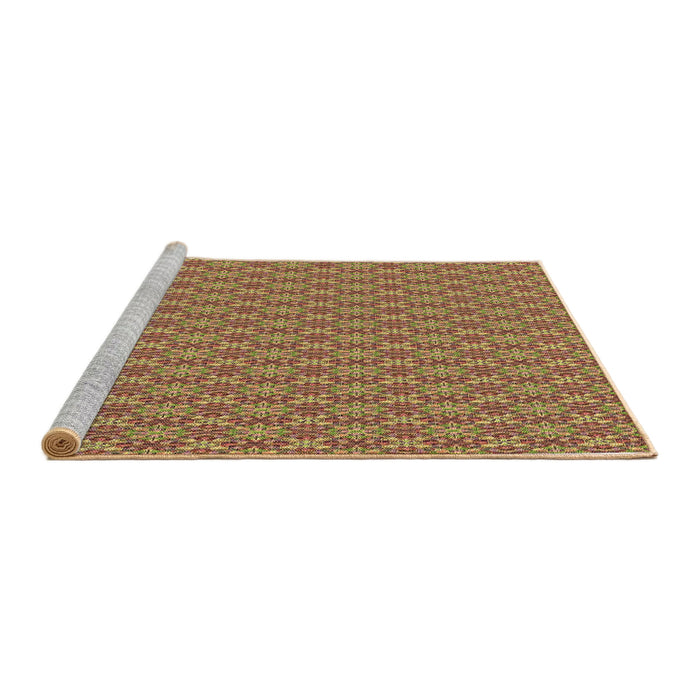 Sideview of Machine Washable Transitional Chestnut Red Rug, wshpat3016brn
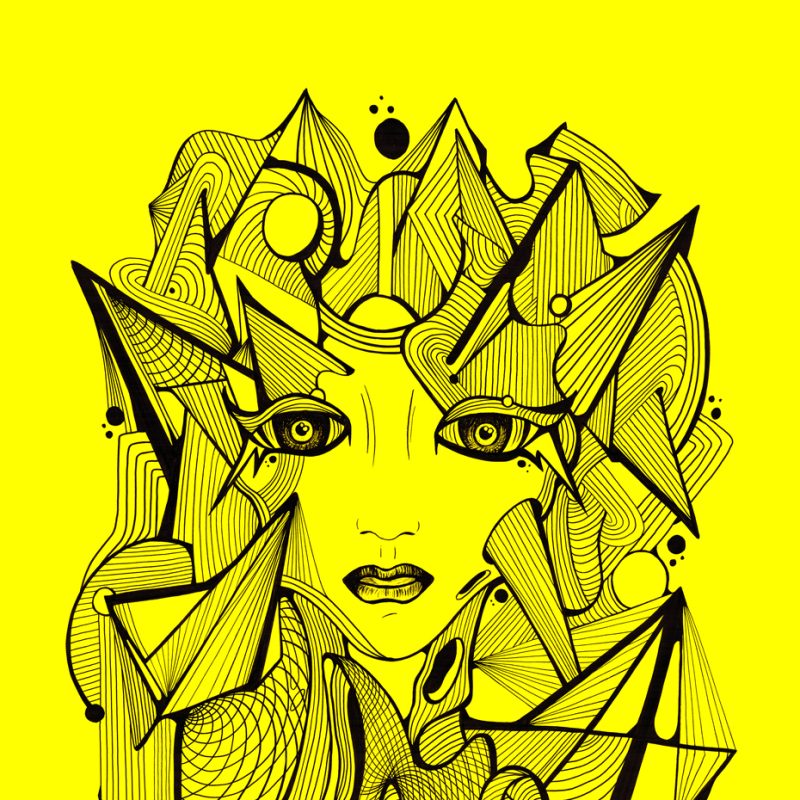 Black line drawing of female face on yellow background.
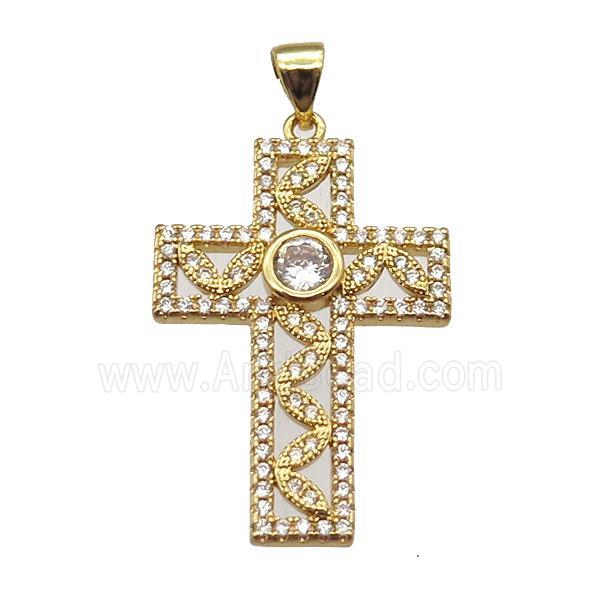 copper cross pendant paved zircon, gold plated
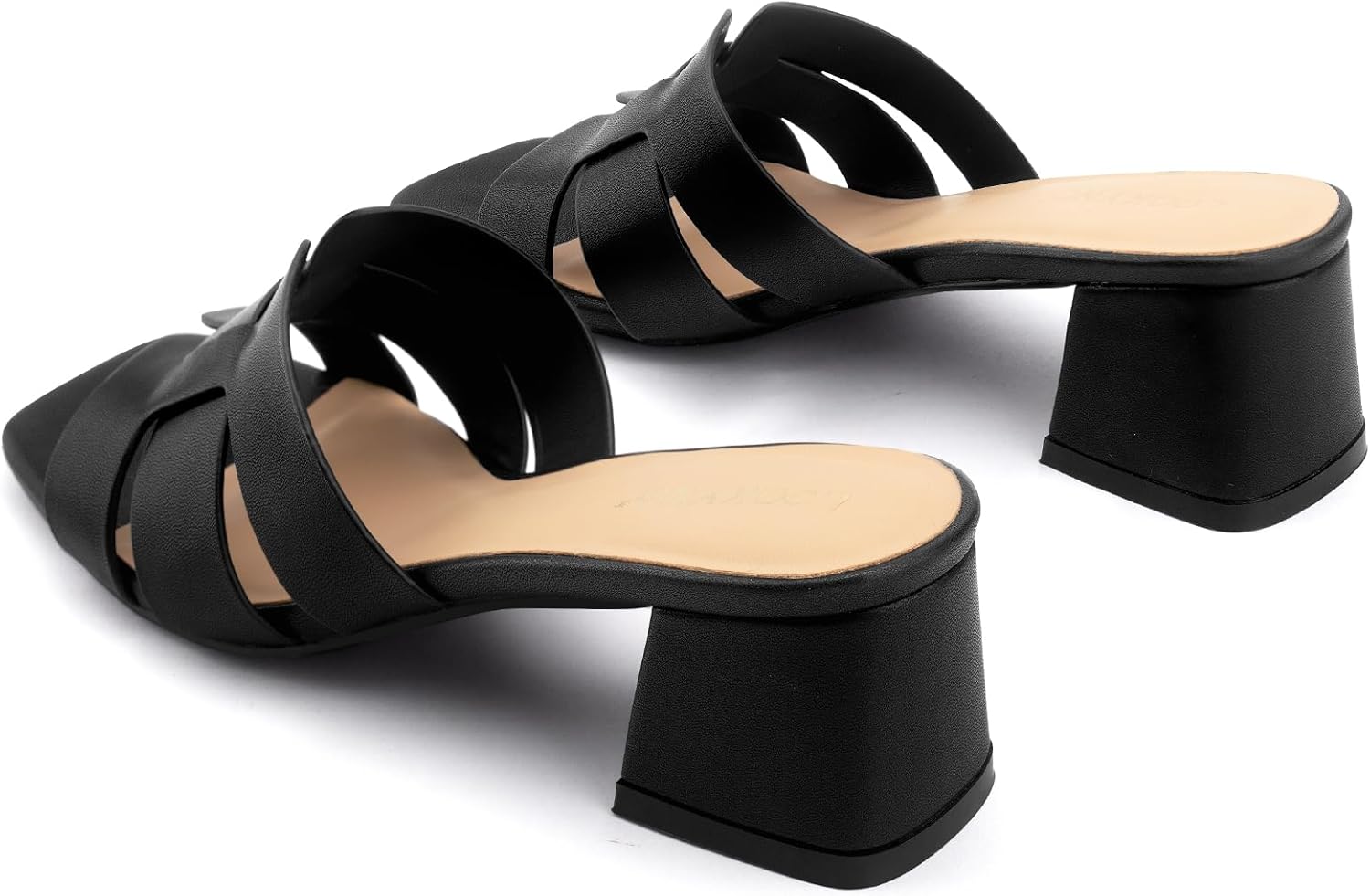 Women's Square Open Toe Heeled Sandals Chunky Block Heel Slip On Dressy Sandal - Image 5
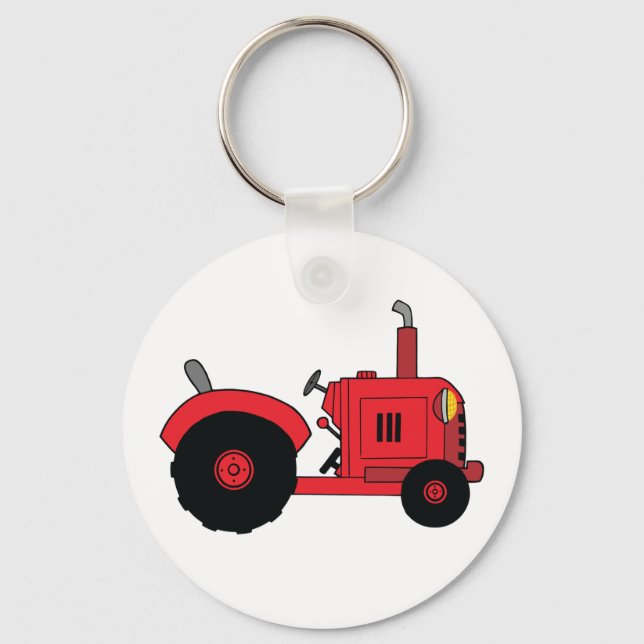 Llavero Tractor rojo vintage (Anverso)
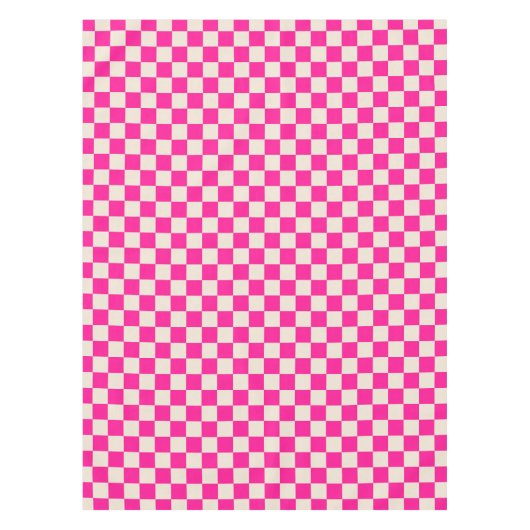 Hot pink and tan checkerboard pattern tafelkleed (Voorkant)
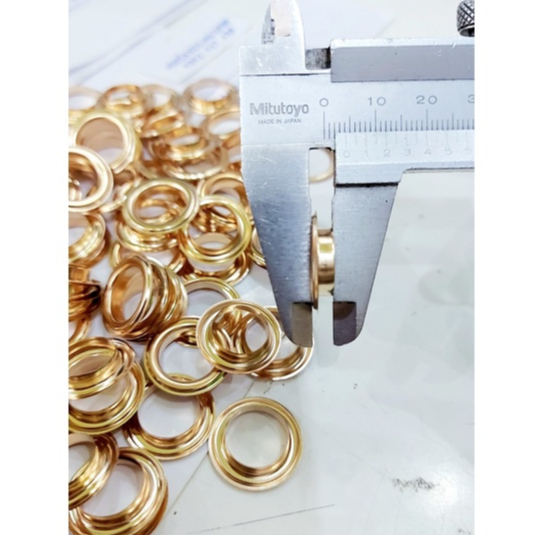Khoen ore 14mm Khoen mắt cáo 14ly Thau không gỉ (mỏng) Màu bạc, vàng, đồng Khuy mắt cáo Chuyên bấm vải Phụ liệu may mặc - Ảnh 7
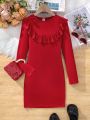 SHEIN Kids Cooltwn Girls' Fashionable Elegant Knitted Solid Color Long Sleeve Dress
◆ ◆ ◆ ◆ ◆
Your copy must start at the line that holds "Llavero Tractor rojo vintage (Anverso)" and end at the last line of the data, both included; it must contain no pictures.

 Llavero Tractor rojo vintage (Anverso)
 Hot pink and tan checkerboard pattern tafelkleed (Voorkant)
Khoen ore 14mm Khoen mắt cáo 14ly Thau không gỉ (mỏng) Màu bạc, vàng, đồng Khuy mắt cáo Chuyên bấm vải Phụ liệu may mặc - Ảnh 7
 SHEIN Kids Cooltwn Girls' Fashionable Elegant Knitted Solid Color Long Sleeve Dress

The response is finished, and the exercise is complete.